The basic reason is that the primary purpose of measurable functions is being able to integrate them, and we only need Borel sets in the codomain to define integrals. Indeed, you can define the integral of a measurable function by approximating it by simple functions. For these simple functions to be measurable, you need sets of the form $f^{-1}(I)$ to be measurable, where $I\subseteq\mathbb{R}$ is an interval. The $\sigma$-algebra generated by intervals is the Borel $\sigma$-algebra, so asking for $f^{-1}(I)$ to be measurable for all intervals $I$ is equivalent to asking for $f^{-1}(B)$ to be measurable for all Borel $B$.

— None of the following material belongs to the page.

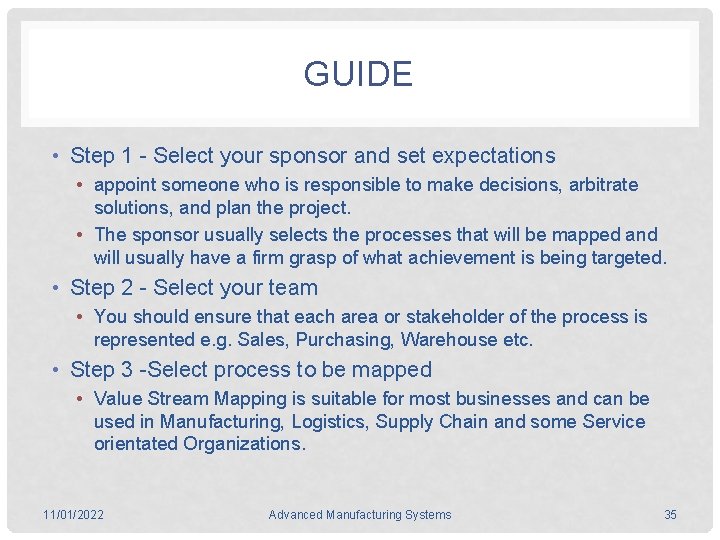 GUIDE • Step 1 - Select your sponsor and set expectations • appoint someone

So, for most purposes, we don't lose anything if we only require the inverse images of Borel sets to be measurable, rather than the inverse sets of Lebesgue measurable sets. On the other hand, we do lose quite a lot if we use Lebesgue measurable sets on the codomain. In particular, not every continuous function (or even every homeomorphism) $\mathbb{R}\to\mathbb{R}$ would be measurable, if we used $\mathcal{L}$ on both the domain and codomain. (Proof sketch: take a fat Cantor set $C$ and the usual null Cantor set $D$, and a homeomorphism $f:\mathbb{R}\to\mathbb{R}$ that maps $C$ to $D$. Every subset of $D$ is in $\mathcal{L}$ since it is null, but not every subset of $C$ is in $\mathcal{L}$, so $f$ is not $\mathcal{L}$-to-$\mathcal{L}$ measurable.)
Underlying all of this is that the domain and codomain play fundamentally different roles when we're talking about measurable functions $\mathbb{R}\to\mathbb{R}$. The domain is a measure space: we care about measuring the size of subsets of this, and using this to more generally define integrals of functions on it. We don't actually care that the domain is $\mathbb{R}$ specifically; we can make similar definitions for functions $X\to\mathbb{R}$ where $X$ is any measure space. So, that's the difference between using $\mathcal{B}$ and $\mathcal{L}$ on the domain: we're just changing what our domain measure space is.
On the other hand, the codomain $\mathbb{R}$ is all about actual real numbers and their algebraic (and topological) properties. An integral of a real-valued function is a kind of "continuous weighted sum" of values of the function, so we care very much about being able to take linear combinations of elements of our codomain, and take limits of them. The natural generalization of the codomain is to consider an arbitrary topological vector space, rather than an arbitrary measure space. We don't care about measuring sizes of subsets of our codomain, and so we don't care about throwing in arbitrary Lebesgue null sets.